Tuesday, February 19, 2013

Lovely Distractions: The Walking Dead, American Horror Story, and Tales of the Apocalypse

We’re exactly two weeks out from the release of Dreamwielder and I’m going a little nutty in anticipation. I’ve been keeping myself busy sending out advanced copies to reviewers, doing interviews, and all that promotional business, but that only seems to add to the anticipation. So, as a healthy distraction for all of us, here’s my recent rants and raves.

Tales of the Apocalypse
I’m teaching a sweet class at the art high school this semester on apocalyptic and post-apocalyptic literature and film, largely because I feel it’s my civic duty to teach students the difference between dystopias and apocalyptic stories. It drives me crazy when moron critics call a show like The Walking Dead a “haunting dystopia.” My other main motive for teaching the class is so I can get paid to watch Mad Max. Doesn’t get much better than that.

John Carter and Mad Max duking it out
in Ragnarok. © Chris Turk. 

We haven’t quite gotten to Mad Max yet though. First up has been tales of apocalypse in mythology. We kicked off the term learning about Ragnarok and reading some of the Poetic Edda. Next up was flood myths. I found this great article from geologist David R. Montgomery that documents geological evidence for some big ass glacial floods that likely inspired everything from the Noah and the Ark myth to flood myths amongst the Yakima and Spokane native American tribes in the Pacific Northwest. Cool stuff. Biblical-Type Floods Are Real, and They're Absolutely Enormous.

Next up was some New Testament Biblical apocalypse. I don’t know what John of Patmos was smoking when he wrote "Revelation," but I need to find out. I thought I wrote some dark, wacked out stuff, but my writing doesn’t hold a candle to the crazy imagery and symbolism in "Revelation." It’s no wonder Thomas Jefferson called the chapter the “ravings of a maniac.” To lighten things up, I had my students read this great short story from Richard Parks: "Four Horsemen, at Their Leisure."

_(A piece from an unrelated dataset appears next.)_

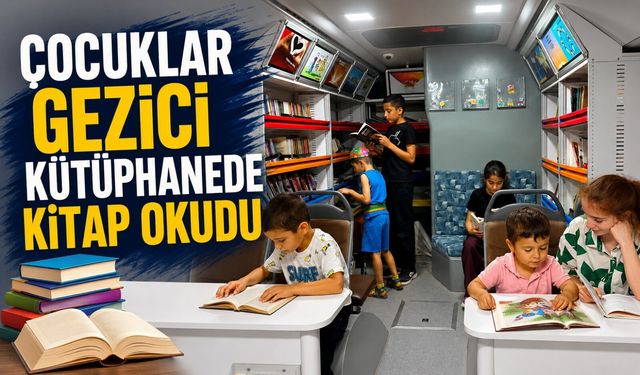 ÇOCUKLAR GEZİCİ KÜTÜPHANEDE KİTAP OKUDU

Forthcoming in the class we’ll be taking a look at alien invasion and conquest of Earth, nuclear holocaust, the zombie apocalypse, and ecological apocalypse. If you have any reading or viewing suggestions for me, please let me know in the comments below. On a related note, I’m using the class as a good excuse to finally read A Canticle for Leibowitz. I’m about halfway in and enjoying it. It has a subtle, dry sense of humor that’s keeping me going despite the slow pacing and irregular story arc.

On the Boob-Tube
I don’t watch TV too often. Seriously, I still haven’t even seen the second season of Game of Thrones yet (but my DVD box set is in the mail—finally!). There are a couple of shows I’ve been watching though. The first is my mainstay, The Walking Dead. It’s really turning into a love-hate relationship for me. The first season was awesome. The second season started stupidly slow, but managed to salvage itself with a great mid-season finale and some good carnage building up to the season finale. Now we’re in the middle of the third season and I feel like the writers are needlessly manipulating us with unbelievable, unnecessary character drama. I’m still on-board with Daryl and Glen, but this whole business with Rick going crazy every time he has a down moment is downright annoying. I can’t help but feel like I’ve been duped into liking a poorly written show because I’m blinded by my love for zombies and I’m so invested in Rick, Daryl, and Glen (Carl can go wash his mouth out with a gun as far as I’m concerned). I don’t know. What do you all think?

The second show I finished up this winter was American Horror Story: Asylum. I don’t have much to say apart from that I loved it. The look, the feel, the writing, the acting was all top notch. I mean, it doesn’t get much better than a mash-up of serial killers, aliens, demonic possessions, and Nazi torture doctors. My only complaint is that the last two episodes were too epilogue-ish. In fact, they were sort of pointless. I think the show would have been stronger without the second, present-day storyline. I mean Dylan McDermott was awesome in the first season, but his character was unnecessary in the second season, and I feel the same way about Adam Levine as I do about Carl from The Walking Dead.

That’s all for now. I was gonna bitch about Ridley Scott’s Prometheus, but I don’t have any other movies to chat about and now that I think about it, Prometheus was so disappointing it’s not worth wasting my breath on. I’ll be back next week with a teaser from Dreamwielder. Cheers!

-Garrett Calcaterra


  1. You're totally on the money about Rick's character. He's crazy when it's convenient for the storyline, and then he's sane when they need him to save the day. Not buying it for a second! You score minus points, however, for calling it the boob-tube.

  2. Thanks. Is "idiot box" a preferable euphemism?